Scale in the media
I lamented in an earlier post that questions of scale are all too often left out of discussions of environmental solutions. To recent pieces that bring the issue up:
Michael Pollan’s Why Bother?, from last Sunday’s New York Times Magazine, opens by recounting what for Pollan was the “most upsetting moment” of An Inconvenient Truth: the “immense disproportion between the magnitude of the problem Gore had described and the puniness of what he was asking us to do about it.” Pollan defends notions of virtue and the steps, particularly gardening, that individuals might take to reduce their individual carbon footprints, vis-à-vis other responses to the climate crisis such as hopingfor some future technology. He writes: “Cheap energy, which gives us climate change, fosters precisely the mentality that makes dealing with climate change in our own lives seem impossibly difficult…. Al Gore asks us to change the light bulbs because he probably can’t imagine us doing anything much more challenging, like, say, growing some portion of our own food.”
Second, the April 12th Sierra Club Radio podcast has a segment with Bob Schildgen—Mr. Green—promoting his new book, which compiles questions and answers from his column in Sierra magazine. On the question of paper vs plastic (his answer–neither; bring your own bag), he encourages listeners to put things into perspective by mentioning that you likely burn as much petroleum in one trip to the grocery store as it takes to make all the plastic bags you’d use in a whole year. I can’t find his numbers online, but using the figures I wrote about earlier: 330 bags per American per year, 200 bags per gallon, so just over one and a half gallons of oil per American devoted to plastic bags. At 20 miles per gallon, you could make a round trip to a supermarket 15 miles away. Right order of magnitude, but I think you could travel a bit farther on that amount of gas.

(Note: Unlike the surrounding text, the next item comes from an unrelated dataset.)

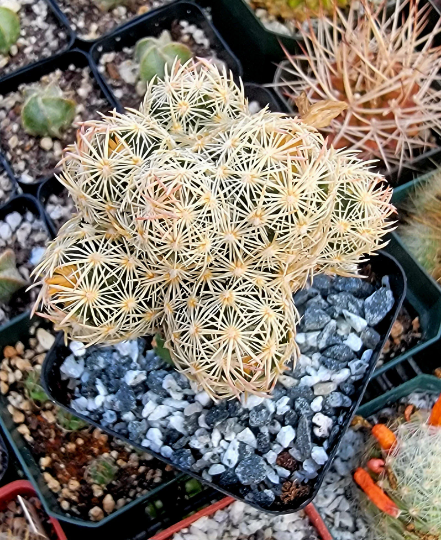 Escobaria minima grafted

This exercise in scale is then thrown out the window later in the interview, when host Orli Cotel asks the heavily loaded question: “For our listners who do own cars or need cars for whatever reason, what tips can you give us, as Mr. Green, to help reduce the amount of gas that we’re using, besides of course cutting back on car travel?” (As if there’s some secret, magic way to drive without using gas that only the hardcore enviros know about.) Mr. Green goes on to mention that Americans lose about 4 million gallons of gasoline per day because of underinflated tires. Of course, he doesn’t put this into perspective: that’s about 1% of our daily gasoline consumption; we burn through 4 million gallons of gasoline in about 15 minutes.